Nursing instructor is explaining various stages of lifespan to students. Nurse should offer which of following behaviors by young adult as example of accomplishing Erikson's tasks for psychosocial development during middle adulthood?
- A. Client evaluates his behavior after social interaction
- B. Client states he is learning to trust others
- C. Client wishes to find meaningful relationships
- D. Client expresses concerns about next generation
Correct Answer: D
Rationale: The correct answer is D: Client expresses concerns about the next generation. This behavior aligns with Erikson's task of generativity vs. stagnation in middle adulthood. This stage involves contributing to future generations through mentoring, guiding, and caring for others. Expressing concerns about the next generation demonstrates a sense of responsibility and investment in the well-being of future individuals.
A: Evaluating behavior after social interaction pertains more to self-reflection and self-awareness, not specifically related to generativity.
B: Learning to trust others is more aligned with Erikson's earlier stage of trust vs. mistrust in infancy.
C: Wishing to find meaningful relationships is associated with Erikson's intimacy vs. isolation stage in young adulthood, not middle adulthood.
An RN is making assignments for client care to an LPN at the beginning of shift. Which of the following assignments should the LPN question?
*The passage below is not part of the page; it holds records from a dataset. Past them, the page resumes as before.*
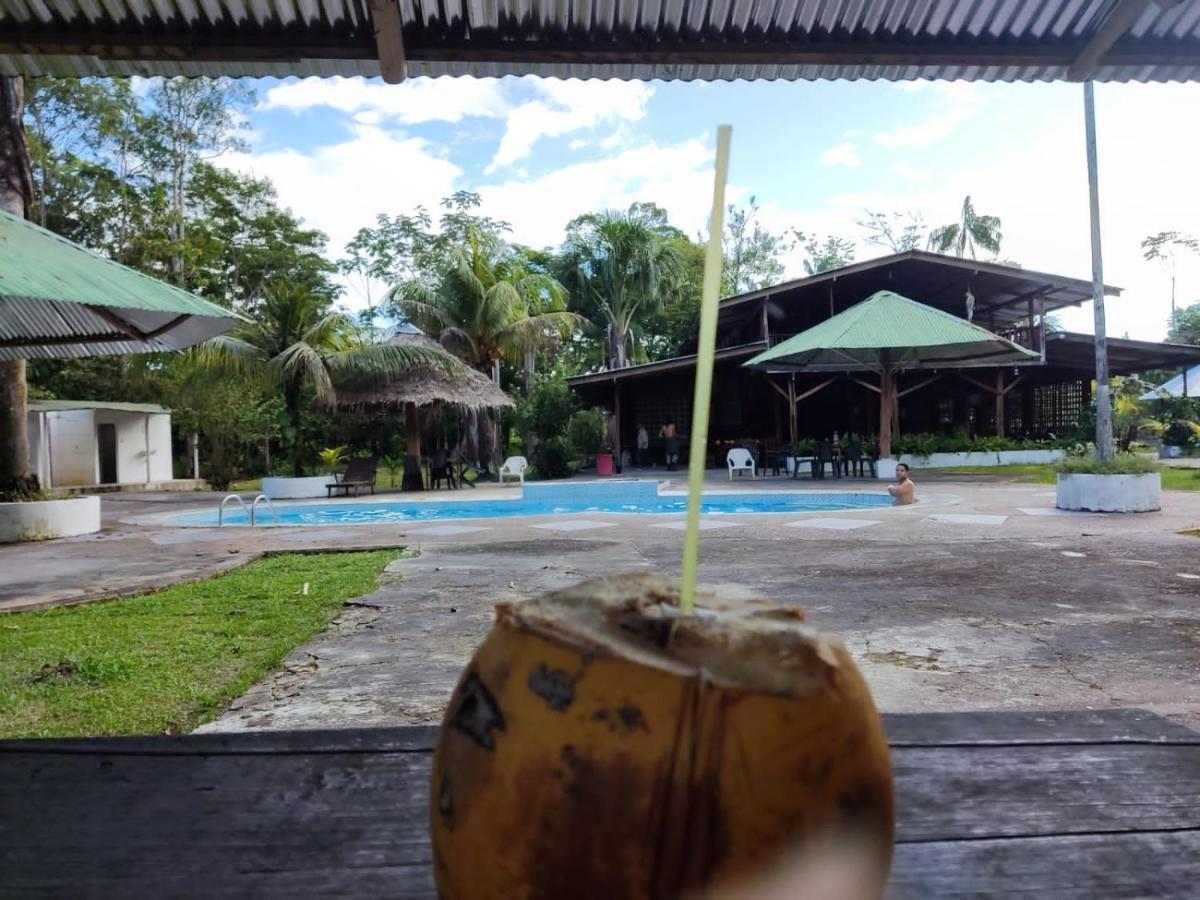 Hotel Karupa Amazonas Leticia Kültér fotó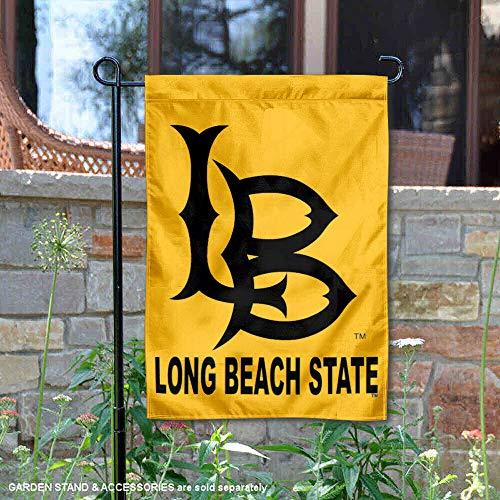 Cal State Long Beach Garden Flag and Yard Banner - 757 Sports Collectibles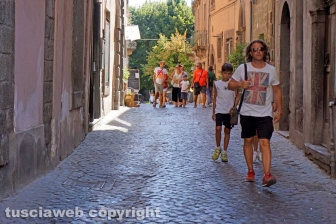 Ferragosto in città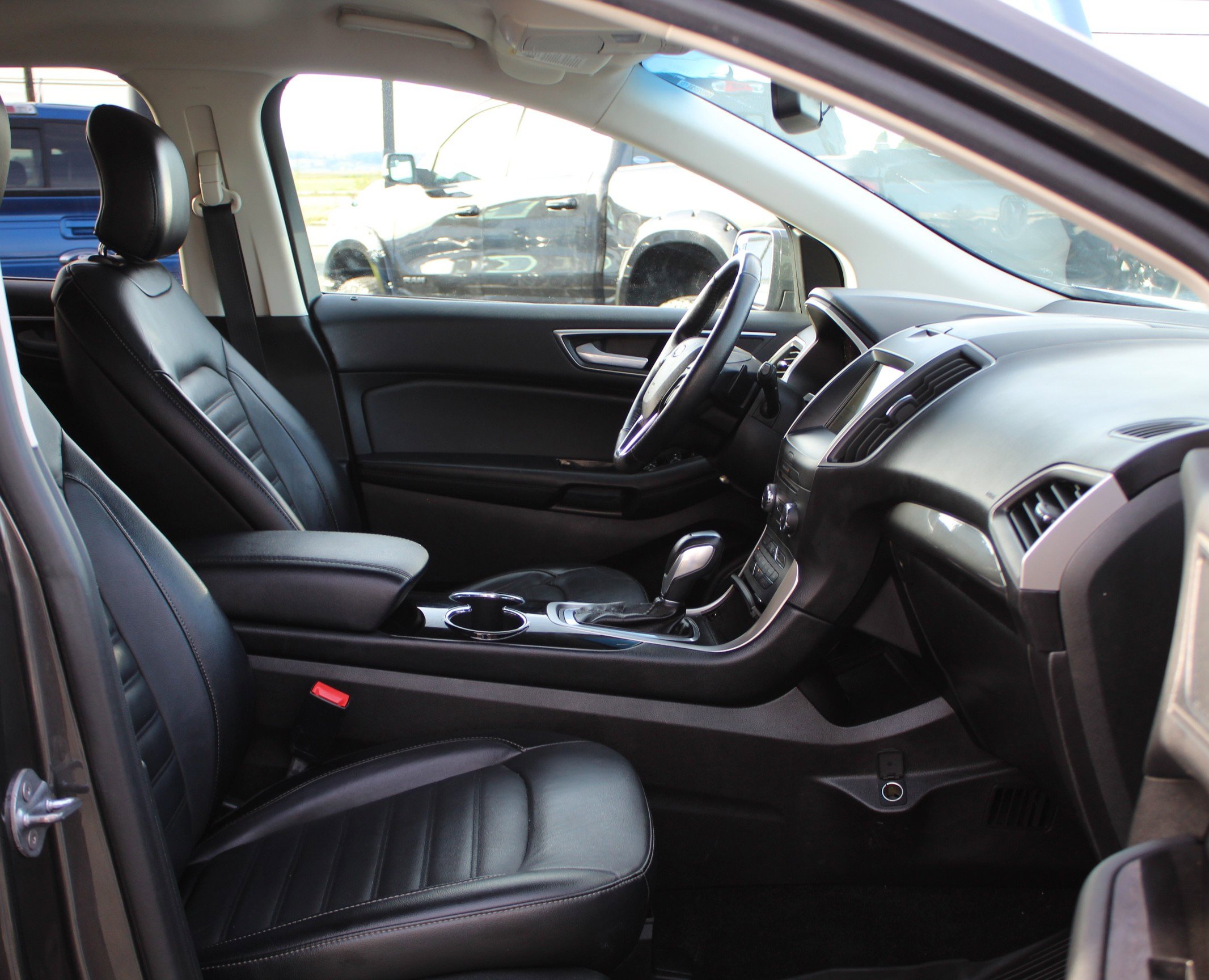 Used 2017 Ford Edge SEL w/ Equipment Group 201A image 19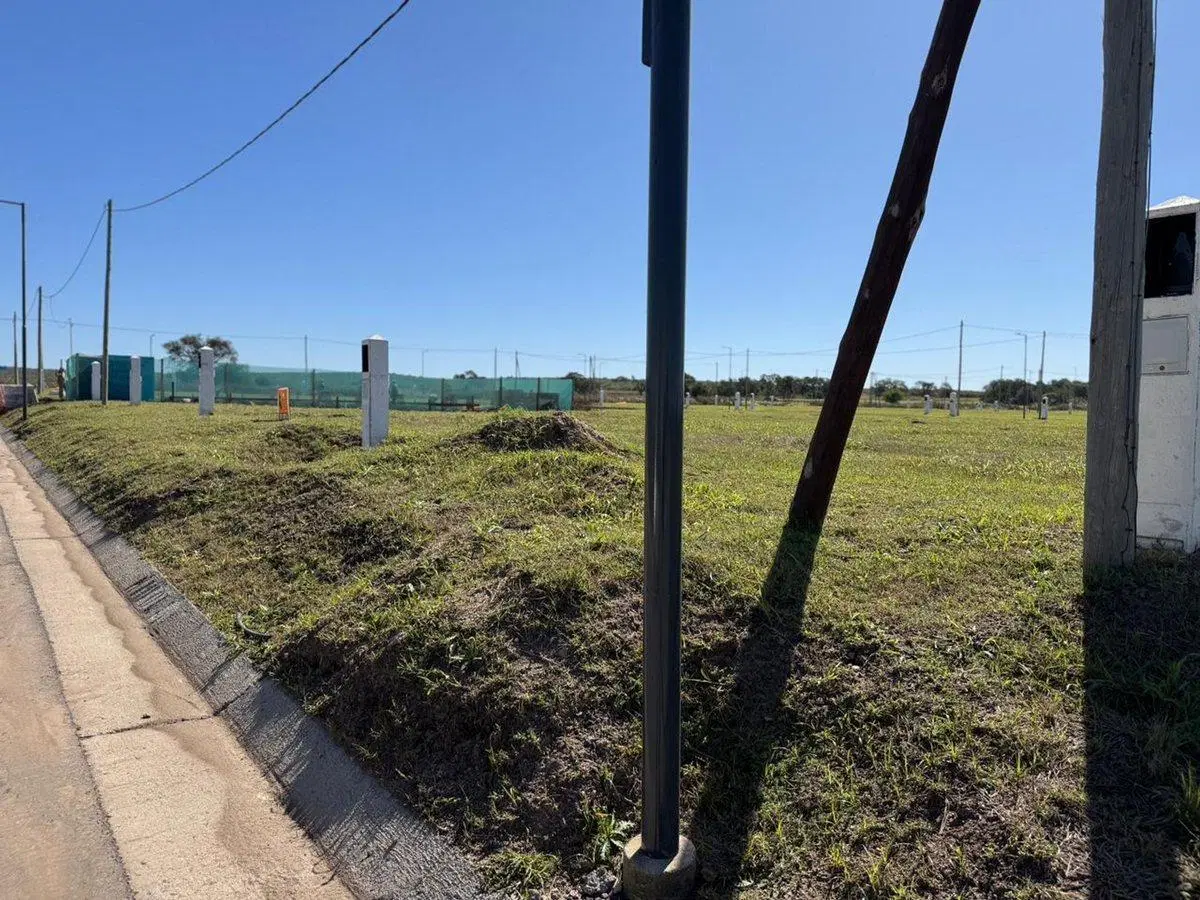 VENTA LOTE 250MTS RESIDENCIAL EN DOCTA CENTRAL 3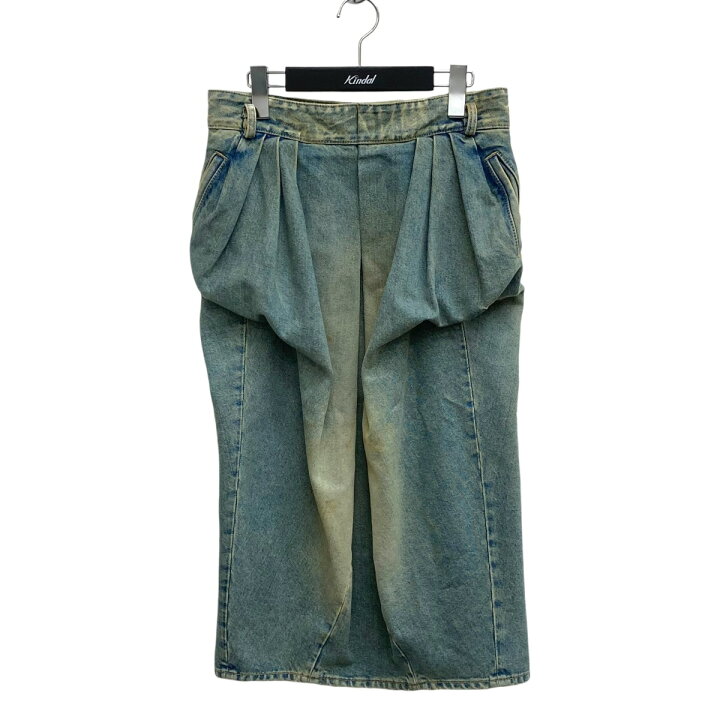 楽天市場】【中古】Maison Margiela ダーティーウォッシュ加工 変形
- A. Assisting a client who is 24h post-op to use incentive spirometer
- B. Collecting clean-catch urine specimen
- C. Providing nasopharyngeal suctioning for pneumonia client
- D. Replacing cartridge & tubing on PCA pump
Correct Answer: D
Rationale: The LPN should question replacing cartridge & tubing on PCA pump (Choice D) because this task involves manipulating the patient's medication delivery system, which is beyond the LPN's scope of practice. LPNs are not trained to handle complex medication administration devices like PCA pumps, as this requires a higher level of knowledge and skill typically reserved for RNs. The LPN should advocate for clarification from the RN or delegate this task to someone with the appropriate training. Choices A, B, and C are within the LPN's scope of practice and do not require specialized training like manipulating a PCA pump.